There are a load of other metrics which have no values. I've just copy-pasted this chunk from the metrics page:

# TYPE rabbitmq_queue_consumers gauge
# HELP rabbitmq_queue_consumers Consumers on a queue
# TYPE rabbitmq_queue_process_memory_bytes gauge
# HELP rabbitmq_queue_process_memory_bytes Memory in bytes used by the Erlang queue process
# TYPE rabbitmq_queue_messages_bytes gauge
# HELP rabbitmq_queue_messages_bytes Size in bytes of ready and unacknowledged messages
# TYPE rabbitmq_queue_messages_ram gauge
# HELP rabbitmq_queue_messages_ram Ready and unacknowledged messages stored in memory
# TYPE rabbitmq_queue_messages_ready_ram gauge
# HELP rabbitmq_queue_messages_ready_ram Ready messages stored in memory
# TYPE rabbitmq_queue_messages_ready_bytes gauge
# HELP rabbitmq_queue_messages_ready_bytes Size in bytes of ready messages
# TYPE rabbitmq_queue_messages_unacked_ram gauge
# HELP rabbitmq_queue_messages_unacked_ram Unacknowledged messages stored in memory
# TYPE rabbitmq_queue_messages_unacked_bytes gauge
# HELP rabbitmq_queue_messages_unacked_bytes Size in bytes of all unacknowledged messages
# TYPE rabbitmq_queue_messages_persistent gauge
# HELP rabbitmq_queue_messages_persistent Persistent messages
# TYPE rabbitmq_queue_messages_persistent_bytes gauge
# HELP rabbitmq_queue_messages_persistent_bytes Size in bytes of persistent messages
# TYPE rabbitmq_queue_messages_paged_out gauge
# HELP rabbitmq_queue_messages_paged_out Messages paged out to disk
# TYPE rabbitmq_queue_messages_paged_out_bytes gauge
# HELP rabbitmq_queue_messages_paged_out_bytes Size in bytes of messages paged out to disk
gerhard commented 4 years ago

You are right, this commit hhttps://github.com/rabbitmq/rabbitmq-prometheus/commit/0057f07d1e870e9b2f000ad25865a89b09938c04#diff-fa0286c717bf744481489229d1e4ab5eR156 introduced a wrong property reference. The plugin reads from queue_consumers in the queue_metrics ETS table, while the property is consumers, as displayed in your example.

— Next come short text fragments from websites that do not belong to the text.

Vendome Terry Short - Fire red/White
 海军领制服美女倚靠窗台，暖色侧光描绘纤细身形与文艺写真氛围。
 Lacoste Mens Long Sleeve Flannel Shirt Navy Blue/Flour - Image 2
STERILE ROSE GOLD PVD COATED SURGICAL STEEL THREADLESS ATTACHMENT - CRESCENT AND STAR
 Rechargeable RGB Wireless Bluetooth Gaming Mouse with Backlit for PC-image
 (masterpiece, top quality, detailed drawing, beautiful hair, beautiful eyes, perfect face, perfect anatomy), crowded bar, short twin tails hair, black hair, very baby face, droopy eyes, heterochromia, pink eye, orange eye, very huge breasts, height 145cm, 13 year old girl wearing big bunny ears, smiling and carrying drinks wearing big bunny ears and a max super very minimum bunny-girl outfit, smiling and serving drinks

Moving this to a new issue. Fix will follow shortly. Thanks for spotting this, bug confirmed 👍

gerhard commented 4 years ago

@murarustefaan #20 adds the metric that you were missing.

espenwa commented 4 years ago

It would be nice to have the kbudde rabbitmq_partitions metric in the Prometheus plugin.

I was thinking something similar earlier today: b5de702 (see the singlestat panels section).

👍

Do you know when it could be possible to get the rabbitmq_partitions exposed? It would make alerting on split-brain-situations much easier.

michaelklishin commented 4 years ago

This plugin exposes some individual queue metrics but also aggregates them by default for reasons well demonstrated in #24. If some metrics do not make sense or are missing we should use new individual issues for them.

@gerhard I assume that this can be closed, even if some metrics are not exposed.

michaelklishin commented 4 years ago

@espenwa when someone contributes it. This is open source software.

espenwa commented 4 years ago

@espenwa when someone contributes it. This is open source software.

Sure, and I really appreciate the great work you all are doing. Since Gerhard had mentioned it I just wanted to check if he intended to implement it. Not my intention to be demanding.